[Data entries]
——————————
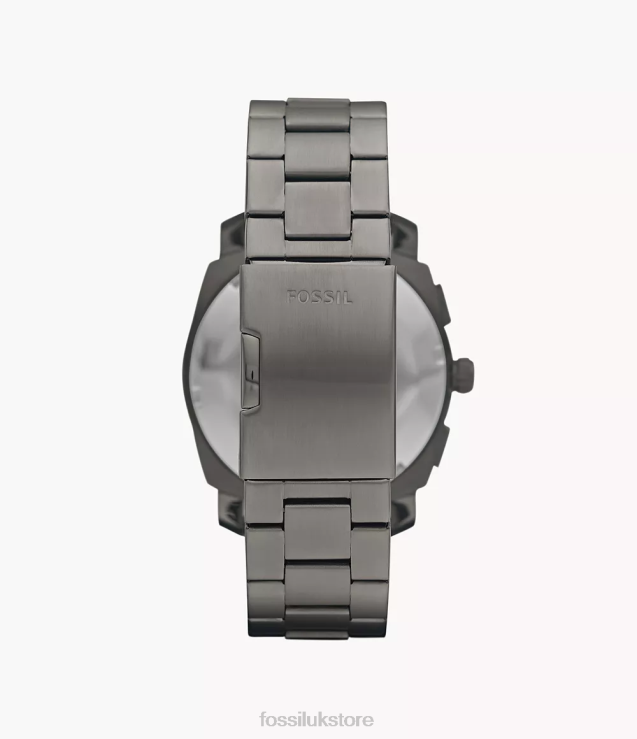 Watch 2N02H1353 Smoke Men Fossil Machine Chronograph Stainless Steel Watch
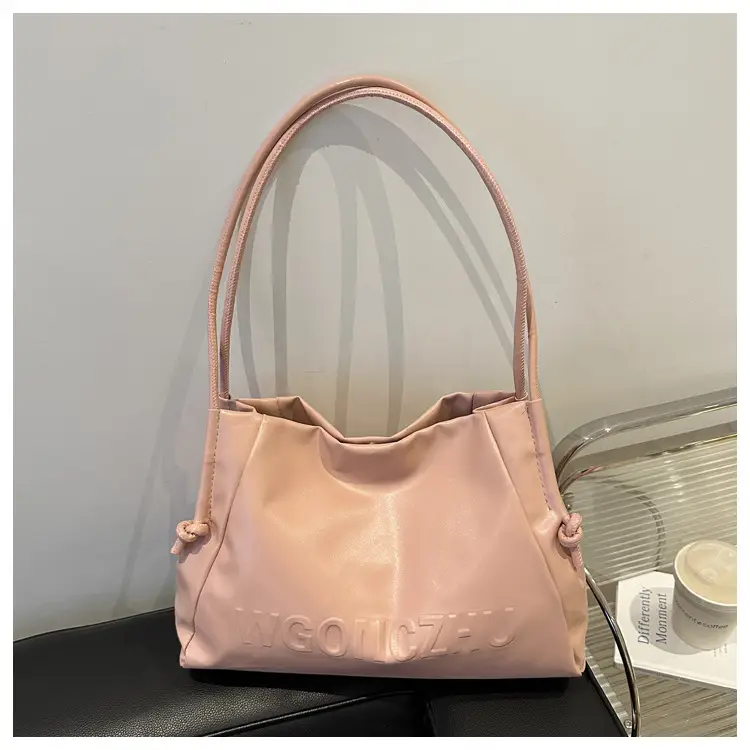 Black Large Capacity Women's Tote Bag Shoulder Bag — feature 12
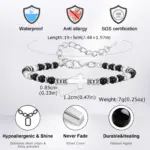 Kreuzarmband Herren Naturstein – Geschenkidee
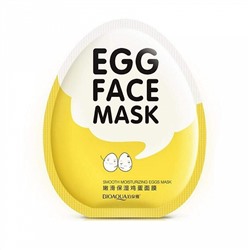 Яичная тканевая маска для лица Bioaqua Egg Face MaskКосметика уходовая для лица и тела от ведущих мировых производителей по оптовым ценам в интернет магазине ooptom.ru.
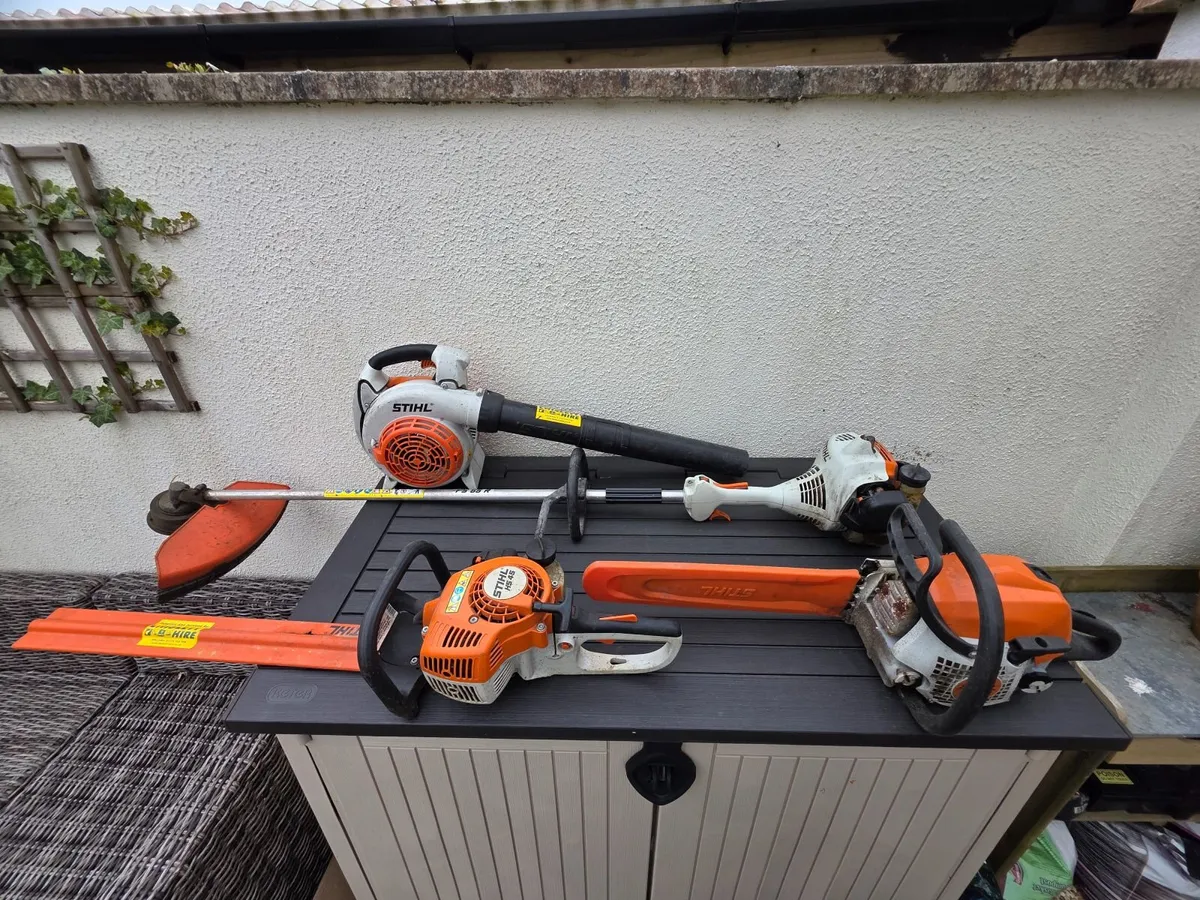 4 stihl gardening tools.
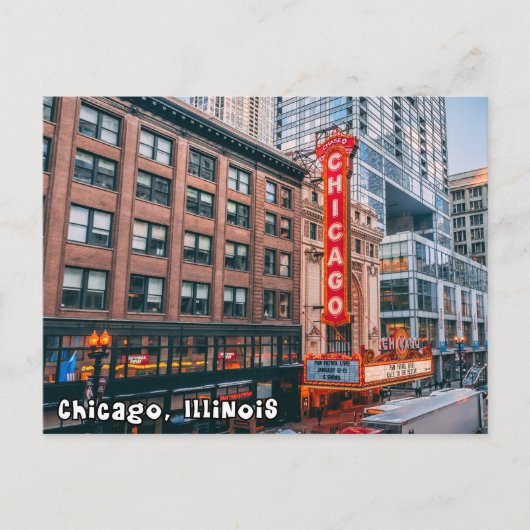 Chicago Illinois Downtown Briefkaart (Voorkant)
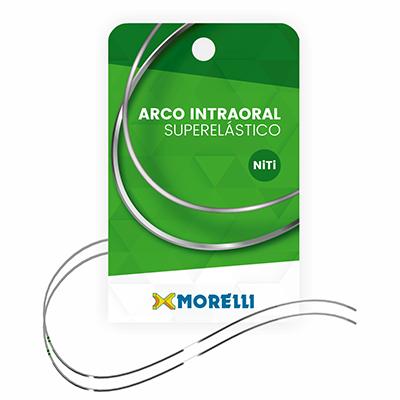 ARCO SUPERLÁSTICO NITI 16''X16'' M CURVA REVERSA MORELLI
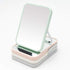 YEAKE Table Desk Vanity Makeup Mirror, 8-Inch Portable Folding Mirror with Metal Stand, 90° Adjustable Rotation (Green)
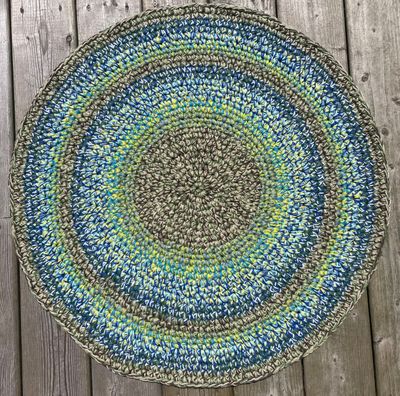 Cotton Rugs - Brn/Grn - Rugz &amp; Basketz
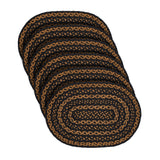 Blackstone Farm Braided Oval Placemat Set of 6 – 12x18 on white background

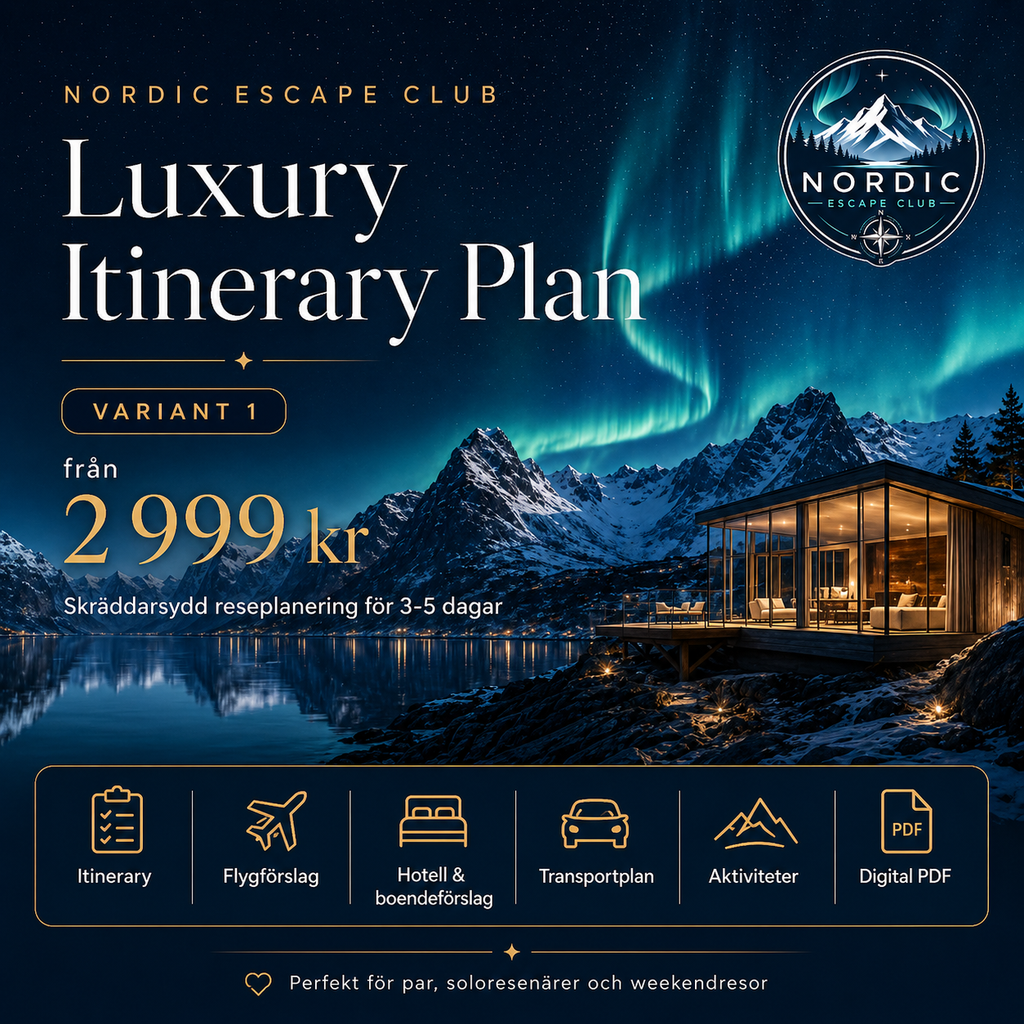 Luxury Nordic Travel Experince Digital Itinerary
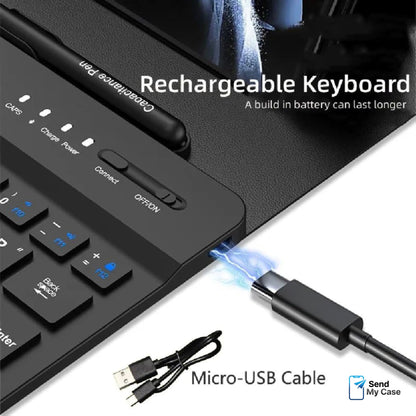 Magnetic Leather Keyboard Case for Google Pixel 10 Pro Fold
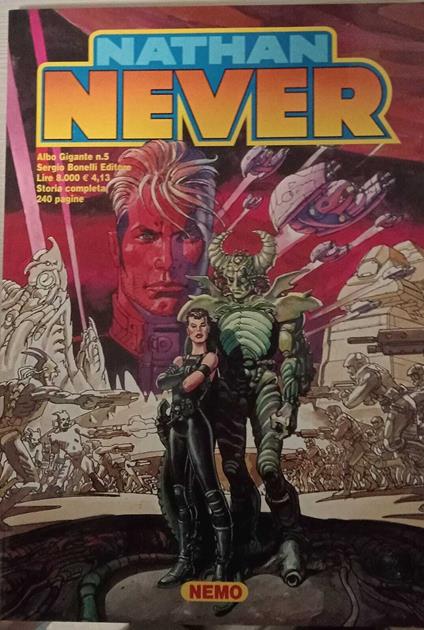 Nathan Never. Albo gigante n. 5. Nemo - copertina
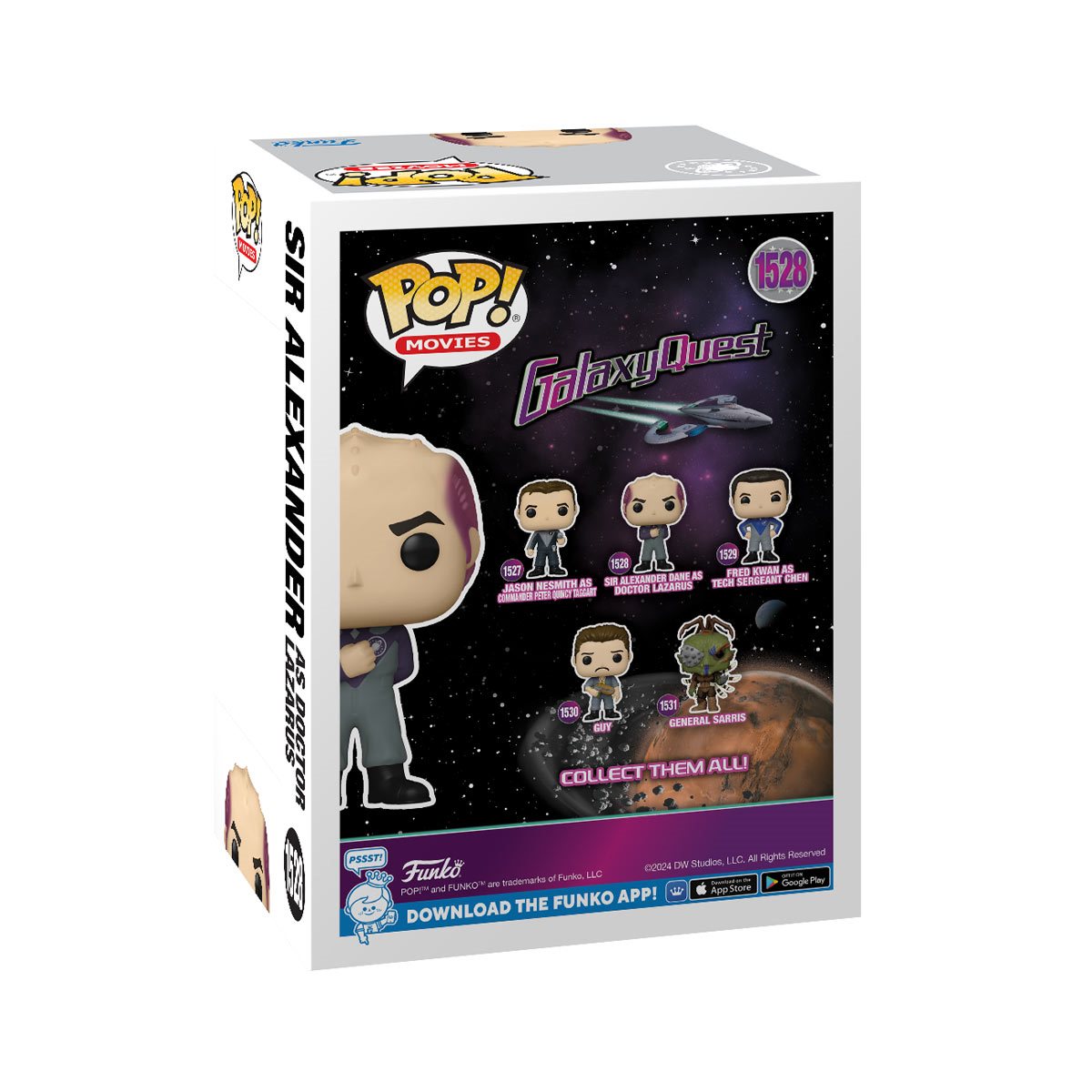 Galaxy Quest Sir Alexander as Doctor Lazarus Funko Pop! Vinyl Figure #1528 Funko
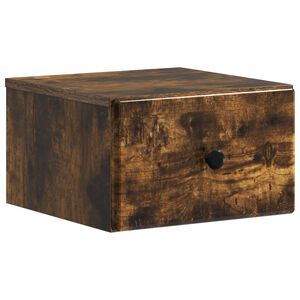 vidaXL Vegghengt Nattbord R&oslash;kt Eik 34,5 x 33 x 20 cm Konstruert tre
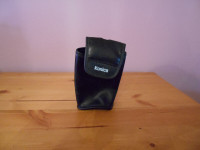 konica leather pouch /i-pod case/ear phones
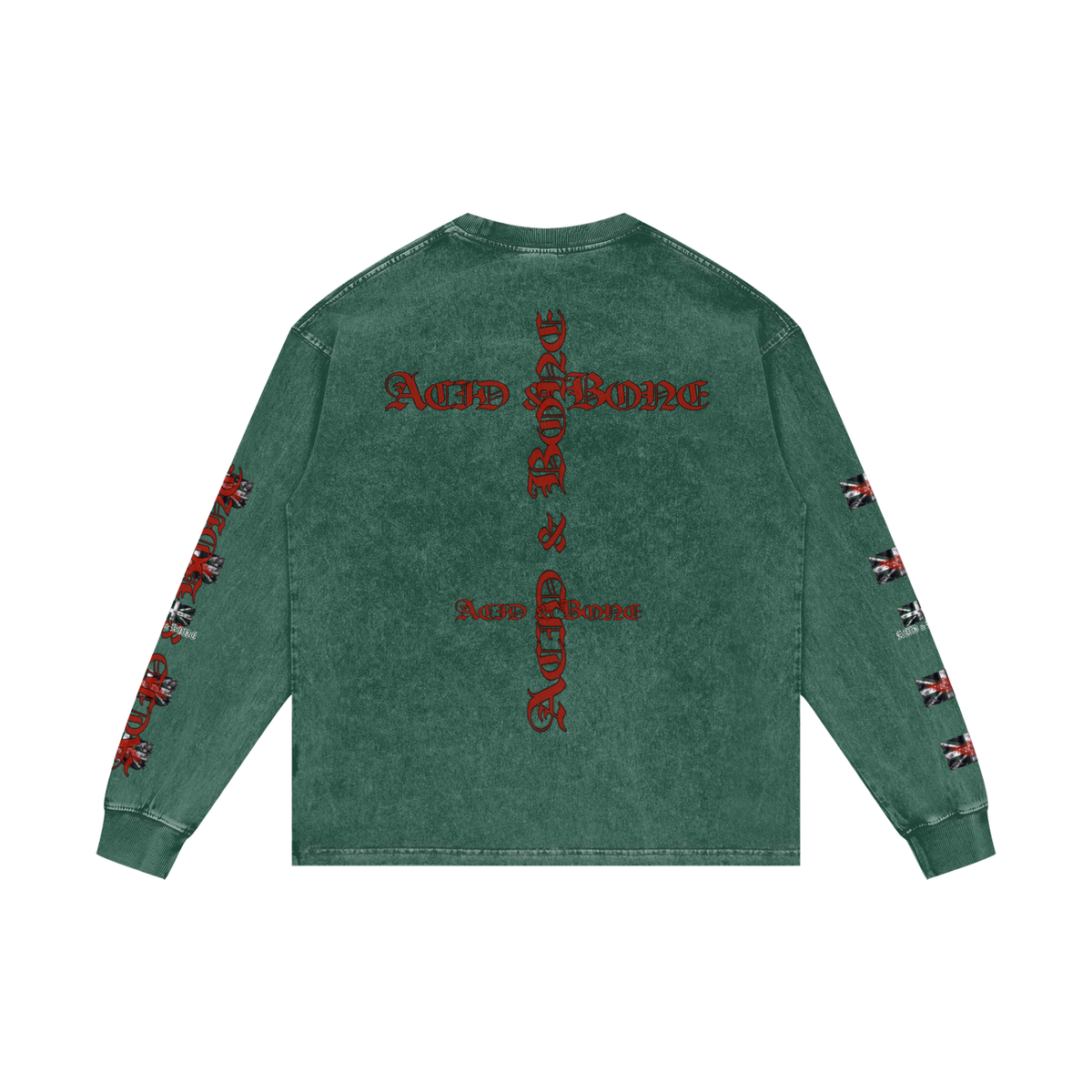 ACID & BONE Green Jack Long-Sleeve T-Shirt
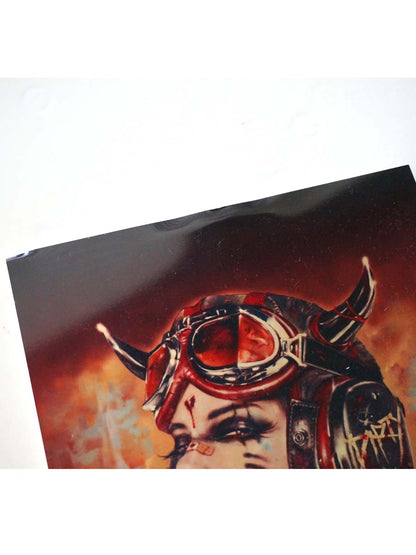 Heavy Metal #1 2025 Brian Viveros Virgin Metal Kickstarter Exclusive LTD 200 Slightly Damage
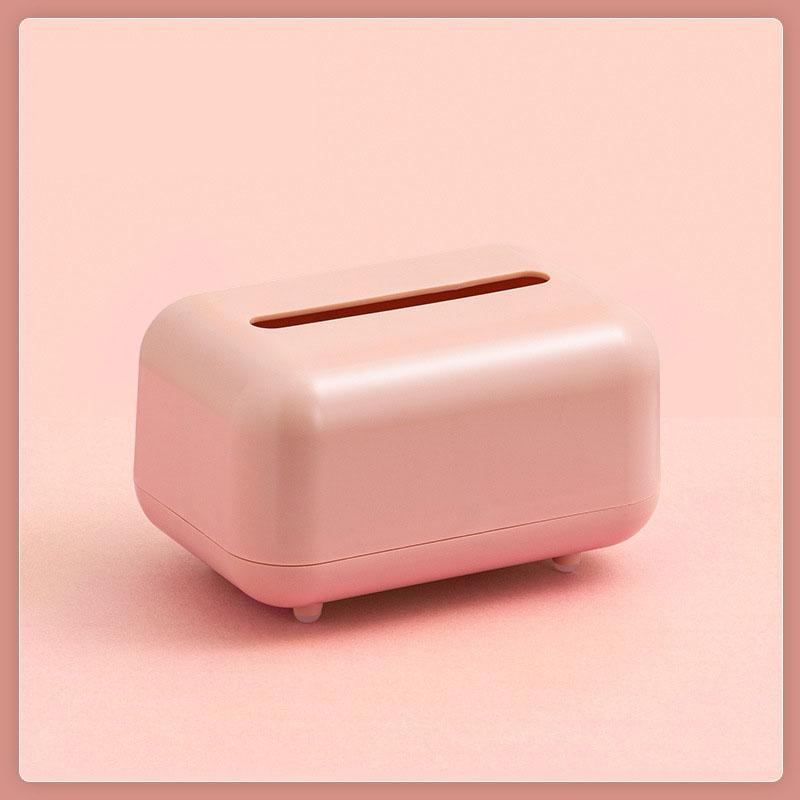 Household With Box Tissue Lid Desktop Paper Holder Napkin Storage Box Office Decoration Sealed Dustproof Tissue Container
——————————
* _Task to complete_:
The answer is the complete set of records, copied exactly, with pictures omitted.

* _Answer section_:
 Watch 2N02H1353 Smoke Men Fossil Machine Chronograph Stainless Steel Watch
 Black Large Capacity Women's Tote Bag Shoulder Bag — feature 12
 Kreuzarmband Herren Naturstein – Geschenkidee
 Яичная тканевая маска для лица Bioaqua Egg Face MaskКосметика уходовая для лица и тела от ведущих мировых производителей по оптовым ценам в интернет магазине ooptom.ru.
 4 stihl gardening tools.
 Chicago Illinois Downtown Briefkaart (Voorkant)
 ARCO SUPERLÁSTICO NITI 16''X16'' M CURVA REVERSA MORELLI
 YEAKE Table Desk Vanity Makeup Mirror, 8-Inch Portable Folding Mirror with Metal Stand, 90° Adjustable Rotation (Green)
 Cotton Rugs - Brn/Grn - Rugz &amp; Basketz
 Blackstone Farm Braided Oval Placemat Set of 6 – 12x18 on white background

 Luxury Nordic Travel Experince Digital Itinerary
 Magnetic Leather Keyboard Case for Google Pixel 10 Pro Fold
 Nathan Never. Albo gigante n. 5. Nemo - copertina
 Galaxy Quest Sir Alexander as Doctor Lazarus Funko Pop! Vinyl Figure #1528 Funko
 vidaXL Vegghengt Nattbord R&oslash;kt Eik 34,5 x 33 x 20 cm Konstruert tre
 konica leather pouch /i-pod case/ear phones
 ACID & BONE Green Jack Long-Sleeve T-Shirt
 Heavy Metal #1 2025 Brian Viveros Virgin Metal Kickstarter Exclusive LTD 200 Slightly Damage
 Household With Box Tissue Lid Desktop Paper Holder Napkin Storage Box Office Decoration Sealed Dustproof Tissue Container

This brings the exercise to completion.